# Jerry Lee earned his first Exc JWW Q



## kbella999 (Jan 6, 2012)

This is Jerry Lee's first Q in Exc JWW. We still need one more Q in Open standard but didn't get it. There was a lot in the run that I was very proud of though.


----------



## I_LOVE_MY_MIKKO (Oct 4, 2006)

Nice, fast run! Congrats! And nice layering on the dogwalk!


----------



## Courtney (Feb 12, 2010)

I really enjoyed watching the video! Outstanding...great team


----------



## gmcwife1 (Apr 5, 2012)

Thank you for sharing!! And congratulations


----------



## dogfaeries (Feb 22, 2010)

Congratulations!!!


----------



## kbella999 (Jan 6, 2012)

Thanks everyone. ILMM that was the first time I'd attempted the layering on the dogwalk at a trial so I was very pleased that he did it.



I_LOVE_MY_MIKKO said:


> Nice, fast run! Congrats!

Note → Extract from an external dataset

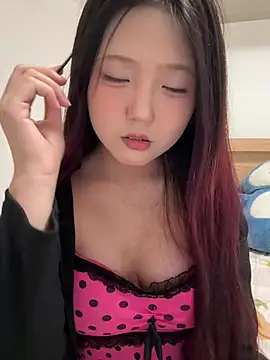 Snapshot of mimi9420 chatting on July 29, 3:11 pm mimi9420 online show from July 29, 3:11 pm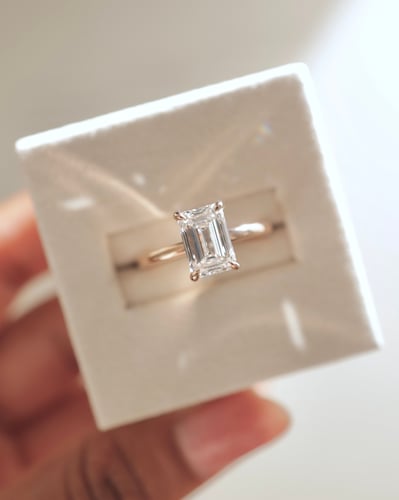 2.22ct emerald diamond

And nice layering on the dogwalk!


----------



## wildo (Jul 27, 2006)

That layering was pretty hardcore. Nice work!


----------



## KristiM (Oct 18, 2011)

You two looked great, congrats!


----------



## MaggieRoseLee (Aug 17, 2001)

Great runs. Love the layering on the dogwalk!

Thanks for sharing.


----------